AK Parti Milletvekili Hüseyin Üzülmez:
Teşvik vermeyip yatırımları engellediler
O dönemde ben Konya Ticaret Odası başkanıydım. Nadi Türkaslan o dönem savcıydı. Vakıflara yardım eden işadamlarını sorguluyordu. Sermaye yeşil-kırmızı diye fişleniyordu. Bize irticacı diyorlardı. TOBB'un başında olan Fuat Miras bize ambargo koymak istedi. Biz de bir basın toplantısı yapıp 'TOBB bizi temsil etmiyor' dedik. 28 Şubat'ı organize eden beşli çetenin başında TOBB da vardı. Kombassan'ın teşviklerini vermediler Petlas'ı 'yeşil sermaye' diye fişlediler. Bazı şirketlerin yatırımları engellendi, baskı altında tutuldular, paralarına el konuldu, sermaye artırımlarına izin verilmedi. Darbe yaşanmasaydı sadece Konya'da bile bugün 1.5 milyar dolar olan ihracat 3-4 milyar dolardan aşağı olmazdı.

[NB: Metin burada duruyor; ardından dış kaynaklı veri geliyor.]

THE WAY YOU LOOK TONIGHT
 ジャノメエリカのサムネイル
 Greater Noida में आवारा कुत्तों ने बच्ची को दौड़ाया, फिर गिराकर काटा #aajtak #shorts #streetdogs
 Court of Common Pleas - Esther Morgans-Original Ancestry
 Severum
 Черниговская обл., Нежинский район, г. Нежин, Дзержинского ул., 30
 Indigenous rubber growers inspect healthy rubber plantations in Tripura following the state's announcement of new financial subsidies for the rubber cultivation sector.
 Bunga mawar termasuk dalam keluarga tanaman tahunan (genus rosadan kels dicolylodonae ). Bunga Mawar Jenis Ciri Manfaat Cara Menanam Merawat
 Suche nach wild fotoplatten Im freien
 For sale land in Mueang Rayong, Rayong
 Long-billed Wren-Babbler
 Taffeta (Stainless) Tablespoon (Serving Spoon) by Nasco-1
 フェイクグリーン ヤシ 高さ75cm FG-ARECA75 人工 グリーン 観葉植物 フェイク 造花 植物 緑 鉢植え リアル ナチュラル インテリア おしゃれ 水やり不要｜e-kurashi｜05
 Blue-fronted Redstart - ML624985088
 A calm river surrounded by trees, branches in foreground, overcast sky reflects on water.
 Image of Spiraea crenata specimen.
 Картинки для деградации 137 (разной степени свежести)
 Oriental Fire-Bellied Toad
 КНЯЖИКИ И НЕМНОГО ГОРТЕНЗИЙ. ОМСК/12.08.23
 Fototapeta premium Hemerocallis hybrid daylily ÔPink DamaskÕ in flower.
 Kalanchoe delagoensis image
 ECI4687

KOBİDER BAŞKANI Nurettin Özgenç:
Ticaretin önünü kestiler
28 Şubat sürecinde sermaye renklendirildi. Esnaflar kebapçı dahil fişlendi. Ticaretin önü kesildi. O dönemde birçok kuruluşa Ülker'den alışveriş yapmayın dendi. Gayri nizam oluşturuldu. İnsanların hür iradesiyle alışveriş yapması engellenmek istendi. Halkı ve esnafı ikiye ayırmaya çalıştılar. 28 Şubat'ın hemen devamında 2001 krizi geldi. Burada birçok banka battı, Türk ekonomisine milyarlarca lira zarar yazıldı, ülke geriye gitti. Sıkıntıyı yeni yeni üzerimizden atıyoruz. Türkiye bugün dünyanın 10 büyük ekonomisi arasına girememişse bana göre bunun en önemli nedenlerinden biri demokrasinin kesintiye uğratılmasıdır. 28 Şubat'ın sivil toplum kuruluşları özür dilemeliler.
ASKON Başkanı Mustafa Koca:
300 milyar dolar zararı oldu
28 Şubat'ın Türkiye ekonomisine 300 milyar dolarlık zarar olarak yansıdığını düşünüyorum. Darbe Şubat 2001'deki krizin de altyapısını oluşturdu. Dolayısıyla darbenin ekonomik ve sosyal maliyetlerini hesaplamak güç. Sanki bazıları Türkiye'nin yürüyen ekonomisini durdurdu. İrtica brifingleriyle sudan sebeplerle ülkede gerginlik yaratıldı. Ülke ekonomisini ayakta tutmanın rolü moraldir. Sermayedeki paranın rengi olmaz. O gün yeşil sermaye diye bizi fişleyenler bugün vatan millet sevgisinden başka bir niyetimiz olmadığını gördü.